[Buddha-l] Sects and Sectarianism (Sujato, 2006) free book
L.S. Cousins
selwyn at ntlworld.com
Sun May 20 14:14:28 MDT 2007
Dear Piya Tan,
I had not seen this. Thanks for telling us about it.
>In his Supplementary paper on "Chronology" he rejects Cousins and
>Gombrich's proposal that the Second
>Council is 60-80 After the Nirvana. It would be interesting to hear
>from Lance.
Well, actually I slightly disagree with Richard Gombrich who places
it earlier (around 60 if I remember correctly), whereas I think of
around 70-80.
I don't find what Ven. Sujaato has to say on this particular point convincing:
1. He doesn't seem to understand the point that a figure of 100 years
is very unlikely to be anything but a round number. This is normally
the case in the Pali canonical texts. 500 monks means 'a lot of
monks', not 499 + 1 monks. So dating the Second Communal Recitation
to a literal 80 years after the Buddha is not at all in disagreement
with the canonical figure of around 100 years.
2. Despite his arguments it still seems improbable to me that at a
(literal) date of 100 years after the Parinibbaana there could have
been a whole group of active monks who had been disciples of Aananda.

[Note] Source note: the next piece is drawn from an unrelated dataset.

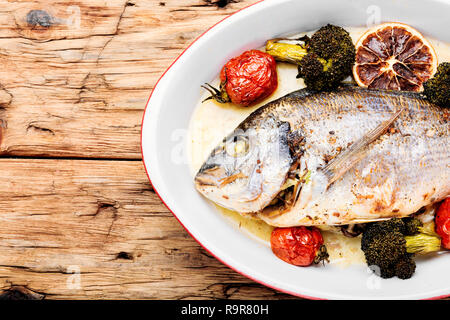Gebackenen Fisch dorado mit Gemüse in Auflaufform. Diät und gesunde Ernährung Stockfoto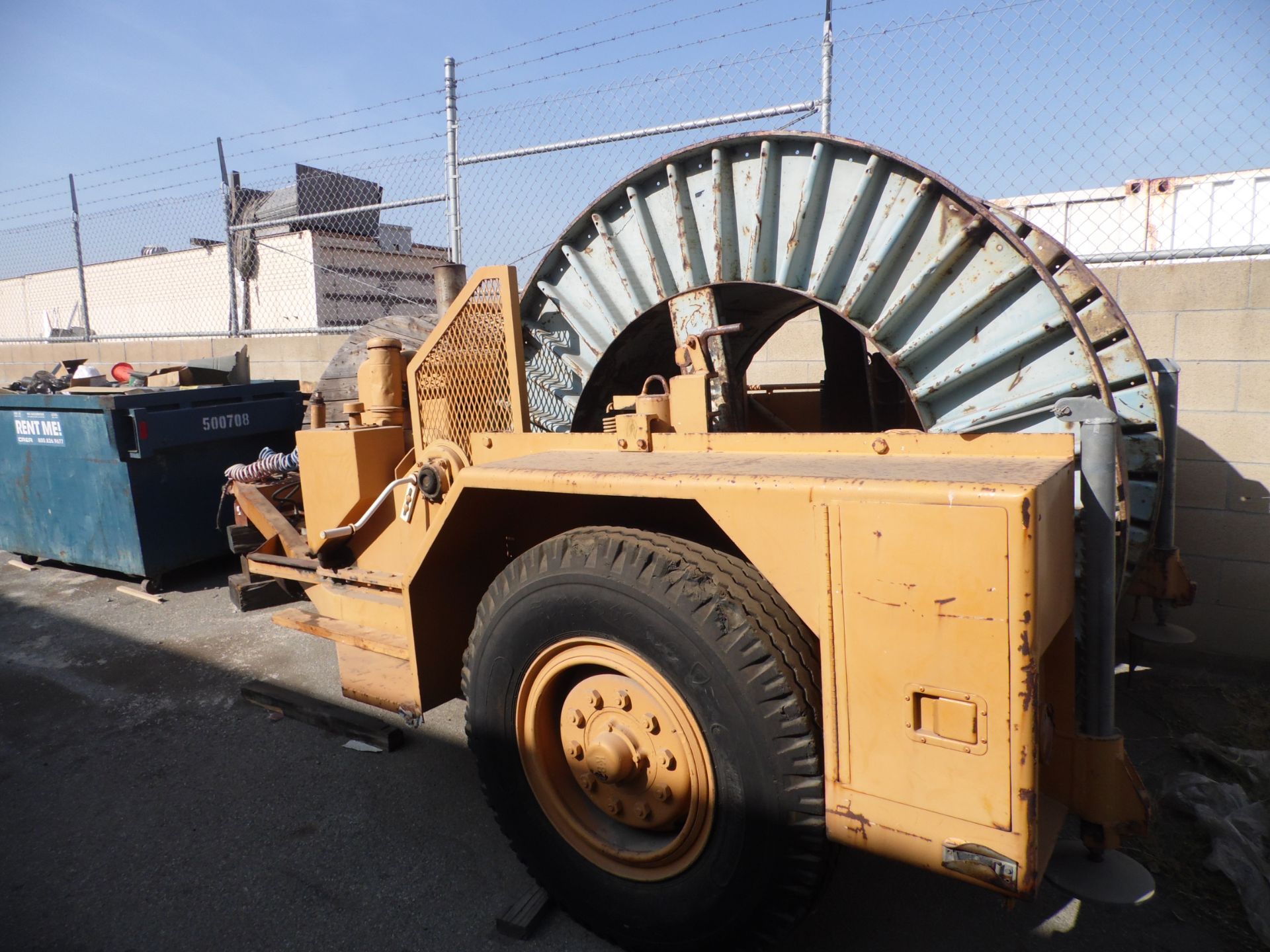 WIRE PULLER HOG ON TRAILER - Image 2 of 2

This is because I do not find it probable that Aananda lived more
than 20 years after the Buddha. According to Ven. Sujaato:
"Aananda was probably about 45 at the time of the Parinibbana, and
may well have lived for another 40 years or so. Both the Pali and the
northern traditions contain statements to this effect."
As far as I know, the Pali canonical sources say only that Aananda
attended the Buddha for 25 years. This would mean that he could not
be less than 45 years old at the time of the Parinibbaana, but he
could easily be older. Ven. Sujaato cites T45, 1852 p10a08 as his
evidence from the 'Northern sources'. I cannot evaluate that.